"Unzip" IEnumerable dynamically in C# or best alternative
Asked Answered
E

4

8

Lets assume you have a function that returns a lazily-enumerated object:

struct AnimalCount
{
    int Chickens;
    int Goats;
}

IEnumerable<AnimalCount> FarmsInEachPen()
{
    ....
    yield new AnimalCount(x, y);
    ....
}

You also have two functions that consume two separate IEnumerables, for example:

ConsumeChicken(IEnumerable<int>);
ConsumeGoat(IEnumerable<int>);

How can you call ConsumeChicken and ConsumeGoat without a) converting FarmsInEachPen() ToList() beforehand because it might have two zillion records, b) no multi-threading.

Basically:

ConsumeChicken(FarmsInEachPen().Select(x => x.Chickens));
ConsumeGoats(FarmsInEachPen().Select(x => x.Goats));

But without forcing the double enumeration.

I can solve it with multithread, but it gets unnecessarily complicated with a buffer queue for each list.

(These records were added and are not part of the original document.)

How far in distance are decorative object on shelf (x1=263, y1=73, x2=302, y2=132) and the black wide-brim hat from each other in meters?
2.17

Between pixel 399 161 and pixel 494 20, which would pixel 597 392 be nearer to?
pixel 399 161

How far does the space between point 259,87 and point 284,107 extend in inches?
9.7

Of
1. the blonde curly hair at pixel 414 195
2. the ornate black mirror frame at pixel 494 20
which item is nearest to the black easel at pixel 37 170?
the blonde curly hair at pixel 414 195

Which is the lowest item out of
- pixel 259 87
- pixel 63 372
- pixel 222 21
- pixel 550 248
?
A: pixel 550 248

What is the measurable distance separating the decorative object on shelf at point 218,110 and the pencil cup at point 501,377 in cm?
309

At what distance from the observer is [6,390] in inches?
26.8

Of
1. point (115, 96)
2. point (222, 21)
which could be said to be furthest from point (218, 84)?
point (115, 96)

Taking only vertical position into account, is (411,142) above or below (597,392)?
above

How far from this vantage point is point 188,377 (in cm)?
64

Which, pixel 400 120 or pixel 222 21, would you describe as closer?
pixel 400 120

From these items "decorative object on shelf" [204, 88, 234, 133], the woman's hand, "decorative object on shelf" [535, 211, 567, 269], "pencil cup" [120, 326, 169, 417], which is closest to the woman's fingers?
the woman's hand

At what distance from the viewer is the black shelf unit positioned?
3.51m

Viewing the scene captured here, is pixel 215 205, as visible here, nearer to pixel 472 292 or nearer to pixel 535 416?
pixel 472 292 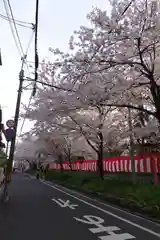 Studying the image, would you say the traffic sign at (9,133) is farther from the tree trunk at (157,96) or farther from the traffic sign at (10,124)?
the tree trunk at (157,96)

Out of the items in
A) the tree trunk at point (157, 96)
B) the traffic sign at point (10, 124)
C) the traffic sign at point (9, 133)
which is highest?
the tree trunk at point (157, 96)

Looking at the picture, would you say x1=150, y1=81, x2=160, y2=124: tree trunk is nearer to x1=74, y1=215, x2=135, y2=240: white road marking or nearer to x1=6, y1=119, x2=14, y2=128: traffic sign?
x1=74, y1=215, x2=135, y2=240: white road marking

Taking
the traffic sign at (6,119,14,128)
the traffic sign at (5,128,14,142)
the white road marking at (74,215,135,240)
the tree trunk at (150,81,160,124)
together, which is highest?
the tree trunk at (150,81,160,124)

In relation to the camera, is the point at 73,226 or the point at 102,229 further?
the point at 73,226

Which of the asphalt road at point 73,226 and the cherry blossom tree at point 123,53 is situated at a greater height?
the cherry blossom tree at point 123,53

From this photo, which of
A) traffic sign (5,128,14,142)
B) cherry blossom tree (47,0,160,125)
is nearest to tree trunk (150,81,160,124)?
cherry blossom tree (47,0,160,125)

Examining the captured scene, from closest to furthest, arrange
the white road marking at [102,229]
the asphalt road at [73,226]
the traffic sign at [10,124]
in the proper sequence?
the white road marking at [102,229]
the asphalt road at [73,226]
the traffic sign at [10,124]

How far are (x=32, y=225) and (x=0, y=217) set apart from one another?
157 centimetres

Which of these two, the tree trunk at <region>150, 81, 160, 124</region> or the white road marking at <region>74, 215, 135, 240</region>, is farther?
the tree trunk at <region>150, 81, 160, 124</region>

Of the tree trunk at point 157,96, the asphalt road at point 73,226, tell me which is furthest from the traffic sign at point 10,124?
the tree trunk at point 157,96

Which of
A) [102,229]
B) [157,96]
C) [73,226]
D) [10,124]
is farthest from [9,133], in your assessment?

So I'm looking for a way to split the AnimalCount enumerator into two int enumerators without fully evaluating AnimalCount. There is no problem running ConsumeGoat and ConsumeChicken together in lock-step.

I can feel the solution just out of my grasp but I'm not quite there. I'm thinking along the lines of a helper function that returns an IEnumerable being fed into ConsumeChicken and each time the iterator is used, it internally calls ConsumeGoat, thus executing the two functions in lock-step. Except, of course, I don't want to call ConsumeGoat more than once..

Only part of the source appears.